- **WHAT NEEDS TO BE DONE**
Where the listing shows an image, skip it and output all other material unchanged.

- **COLLECTED DATA**
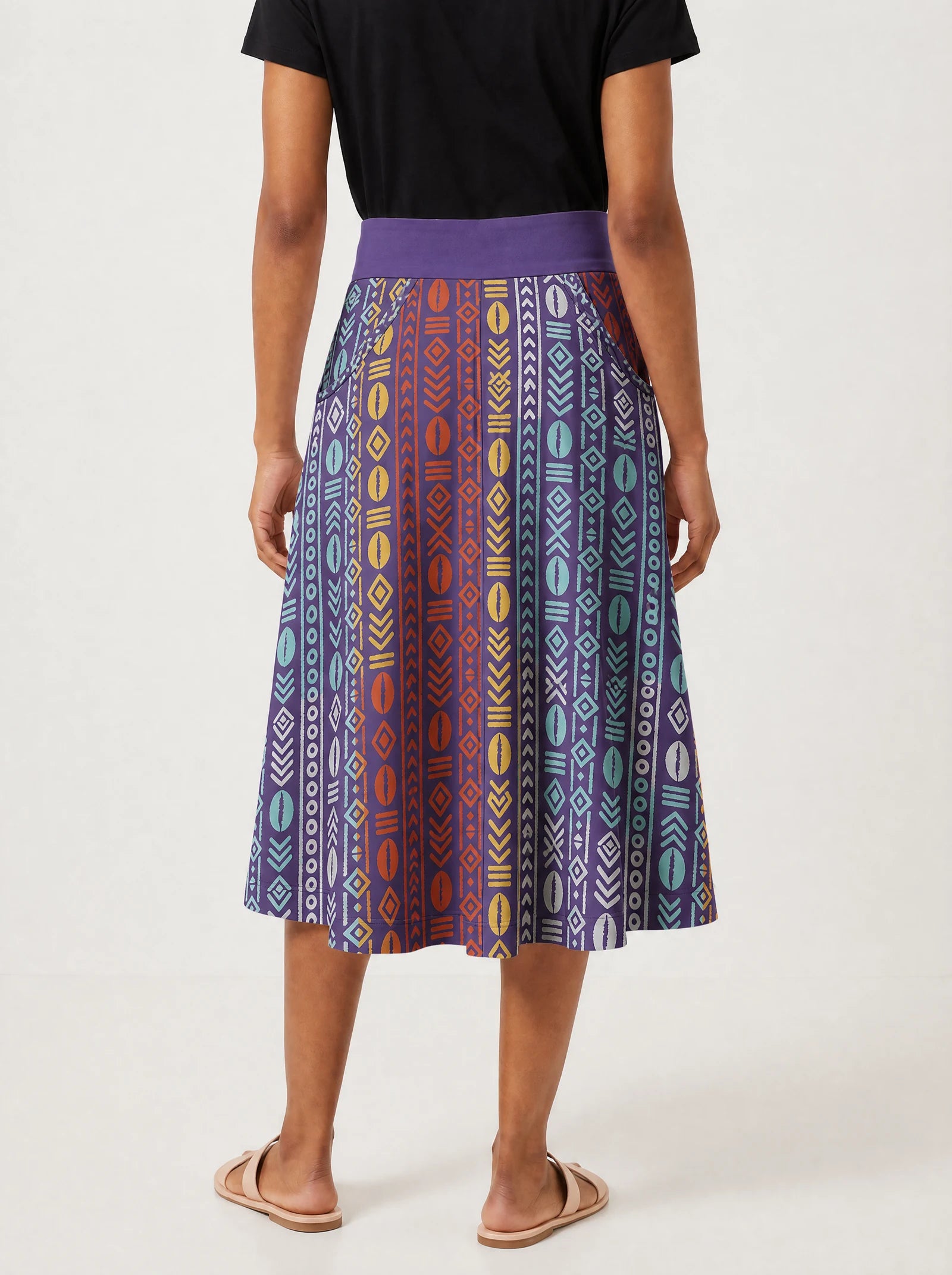 "Oshun Zamani" Twirl Skirt — cropped back view on model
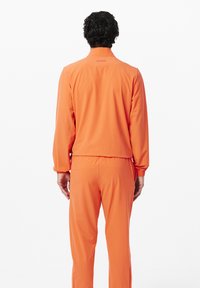 Completo sportivo arancione con giacca con zip e cintura elastica. Tessuto liscio e leggero con colletto e polsini, con un piccolo logo.
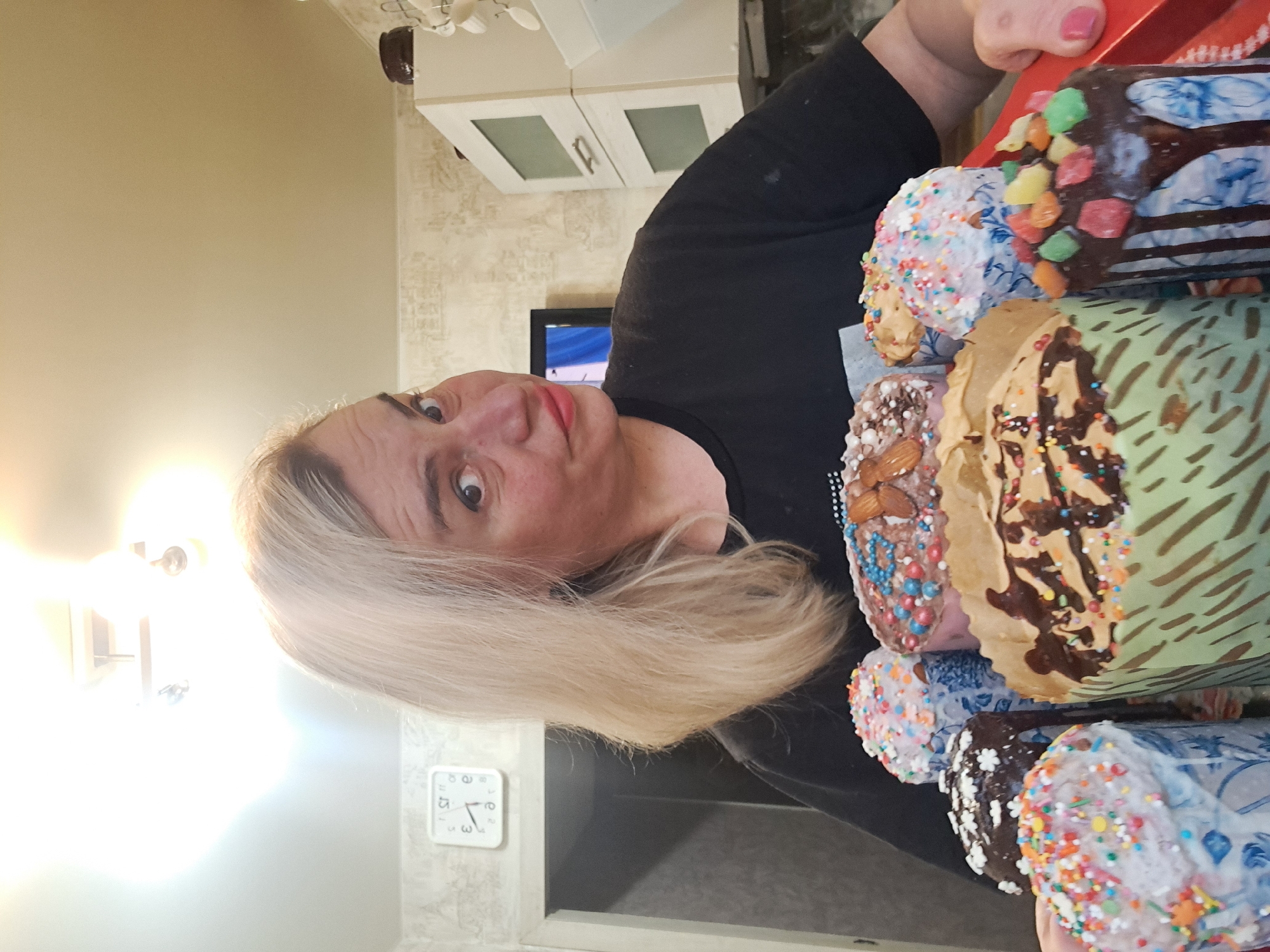 A woman with fair hair is holding a stack of decorated Easter cakes (kulichi) in what appears to be an indoor setting, likely a kitchen. The cakes are decorated with various toppings including icing, sprinkles, nuts, and candied fruits. The woman is wearing a black t-shirt and looking at the camera with a slight smile. In the background, there are kitchen cabinets, a television, a clock on the wall, and a light fixture. Based on the available information, it's not possible to conclusively determine if the location is in the city of Elektrostal, Russia.
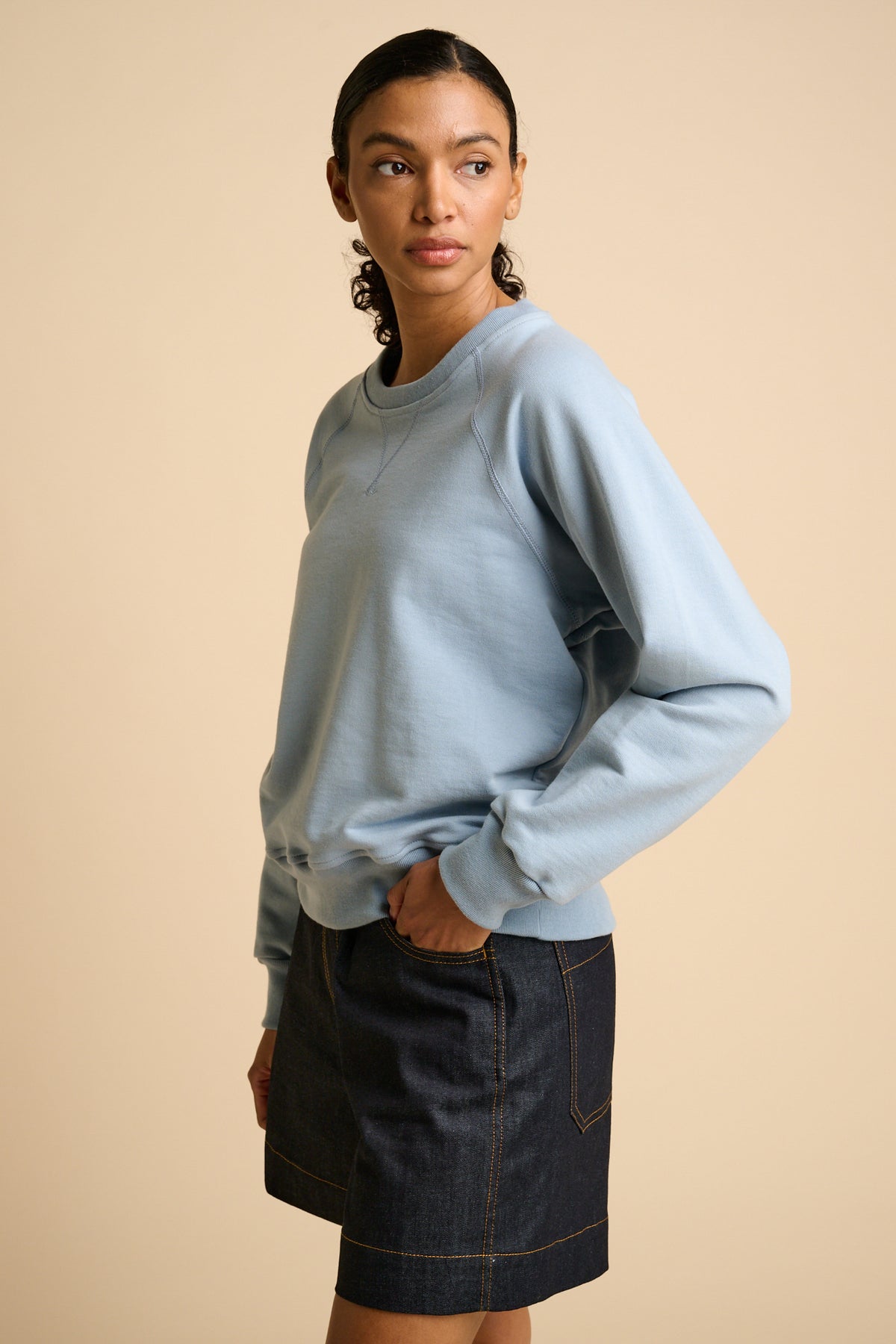 Woman wearing a sky blue sweatshirt and indigo denim shorts on a beige background.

- **SOLUTION TO THE EXERCISE**
 "Oshun Zamani" Twirl Skirt — cropped back view on model
 Completo sportivo arancione con giacca con zip e cintura elastica. Tessuto liscio e leggero con colletto e polsini, con un piccolo logo.
 A woman with fair hair is holding a stack of decorated Easter cakes (kulichi) in what appears to be an indoor setting, likely a kitchen. The cakes are decorated with various toppings including icing, sprinkles, nuts, and candied fruits. The woman is wearing a black t-shirt and looking at the camera with a slight smile. In the background, there are kitchen cabinets, a television, a clock on the wall, and a light fixture. Based on the available information, it's not possible to conclusively determine if the location is in the city of Elektrostal, Russia.
 Woman wearing a sky blue sweatshirt and indigo denim shorts on a beige background.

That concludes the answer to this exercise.